What is important about talking about current attacks on immigrants with our children?
Children do best when they can connect to an issue through their everyday lives. In this case, it’s important for my children to know what is happening in our community and how it’s affecting their neighbors, friends, and their families. But we also have to take into account what developmental stage they are in and how much details of this issue can they emotionally manage.
What have you shared with your own children?
My daughter just started third grade, and my son is starting middle school. I think it’s important to connect one’s own immigrant history in their family with the current-day issues. We can share what factors lead to a relative to leave their own home country and community to immigrate here and what was stressful about the move.
I’ve talked to my kids about the history of Japanese immigrant and Japanese American incarceration as a way to understand what is happening today to migrants being detained at the border. Under this current political moment, I told them how kids were separated from their parents when they arrived at the border and treated unfairly.

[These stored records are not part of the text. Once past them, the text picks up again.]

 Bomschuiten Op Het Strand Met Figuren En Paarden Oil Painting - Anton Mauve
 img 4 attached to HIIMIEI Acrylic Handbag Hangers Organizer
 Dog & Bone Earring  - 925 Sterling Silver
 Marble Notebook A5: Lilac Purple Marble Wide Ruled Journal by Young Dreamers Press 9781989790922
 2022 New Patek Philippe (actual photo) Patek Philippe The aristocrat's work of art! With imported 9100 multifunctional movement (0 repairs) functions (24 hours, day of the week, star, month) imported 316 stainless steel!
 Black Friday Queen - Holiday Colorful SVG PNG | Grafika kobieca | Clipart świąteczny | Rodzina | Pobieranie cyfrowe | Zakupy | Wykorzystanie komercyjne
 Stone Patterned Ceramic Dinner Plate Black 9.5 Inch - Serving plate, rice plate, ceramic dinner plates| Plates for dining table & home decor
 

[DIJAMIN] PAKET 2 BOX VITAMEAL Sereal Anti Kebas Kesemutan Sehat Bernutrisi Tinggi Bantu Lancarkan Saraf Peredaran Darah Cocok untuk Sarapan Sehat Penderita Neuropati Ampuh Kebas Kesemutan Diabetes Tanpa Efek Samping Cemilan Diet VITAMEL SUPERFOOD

I explained to them that, much like what happened to their grandparents’ families, the government has been stirring up fear and racism.

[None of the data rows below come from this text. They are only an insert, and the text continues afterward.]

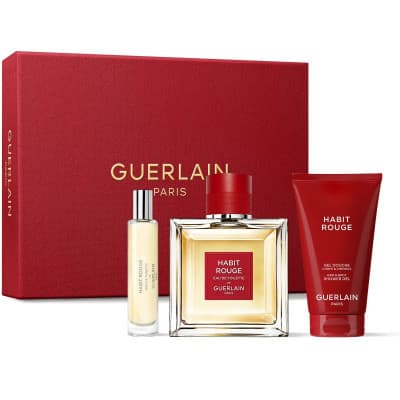 Guerlain - Coffret Habit Rouge Coffret Pour Homme Eau De Toilette 100ml + Gel Douche 75ml + Vapo 10ml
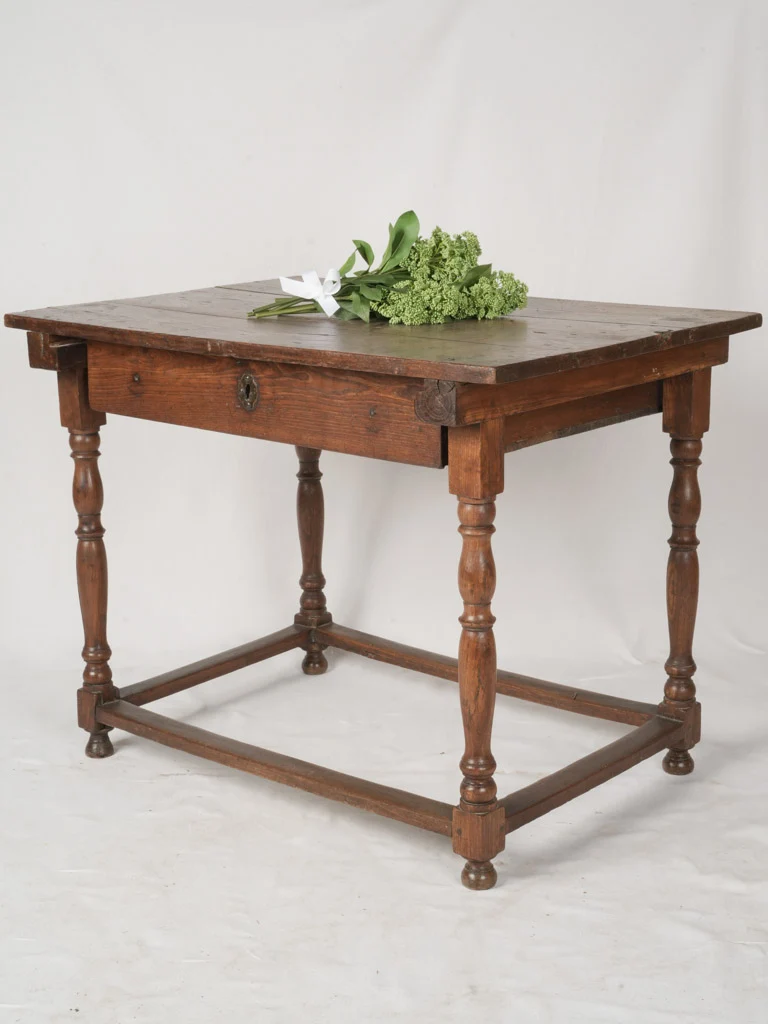 Early 19th-Century French Oak Table w/ Turned Legs - 38¼" x 26¾"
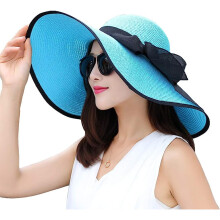 Women's Folable Floppy Hat,Wide Brim Sun Protection Straw Hat, Summer UV Protection Beach Cap(L)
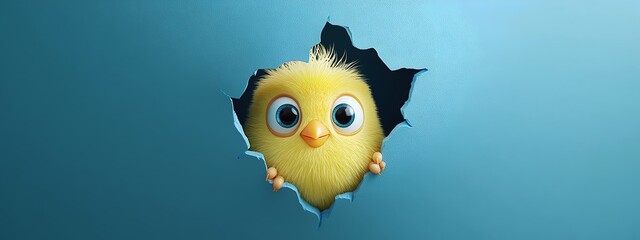 Yellow chick cute animal baby bird easter spring adorable cartoon easter chick wallpaper background image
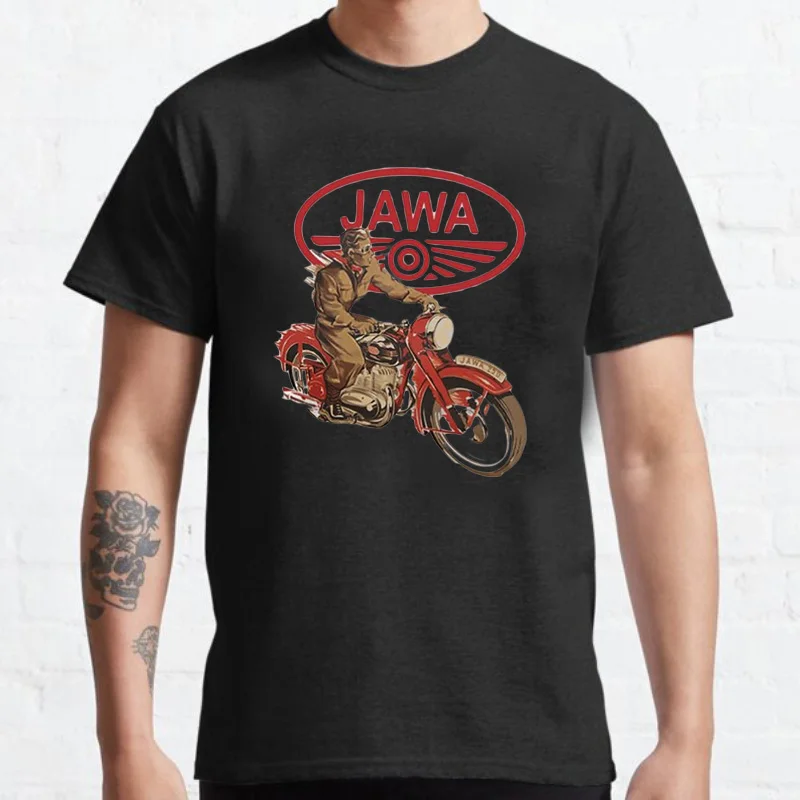 Vintage Motorcycle T Shirt Humor Funny Jawa Men Graphic Tshirts Women Male Harajuku Hip-hop Style Streetwear Camisetas Tops Tee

How can you help kids be respectful of differing opinions but firm in their own beliefs?
We can tell children how adults have a hard time respecting different ideas, particularly in the very divided times we live in. We can model how to express disagreements in our own family while still respecting each other. We can practice how to truly listen and try to understand the other point of view, even if we disagree with it. Doing so would enable us to go beyond just asserting our stances in an argument, but engaging in a dialogue. Of course, I still encourage them to speak out for what they believe in.
What questions might they ask you that could be difficult?
Some children might fear, in hearing this story, that this could happen to them -- that they could be taken away from their parents. Especially for children who have a lot of difficulty separating from their parents, it’s important to emphasize that this won’t happen to them.
Children also need a space to express their emotions about these issues. And they do it in different ways from adults. To help them articulate their feelings, you can write a list of feelings down and and ask them to choose what they are experiencing. You could encourage them to write a letter or draw a picture to express their feelings and ideas.
Some children may ask why the government is doing this. I think it’s important to explain that it has happened before to groups of people because of fear and ignorance. You can tell them what other children and adults are doing to help. They can appreciate that they are part of a larger community of people and children who stand up to the government as well.
Stacy Kono is Hand in Hand's Network Director.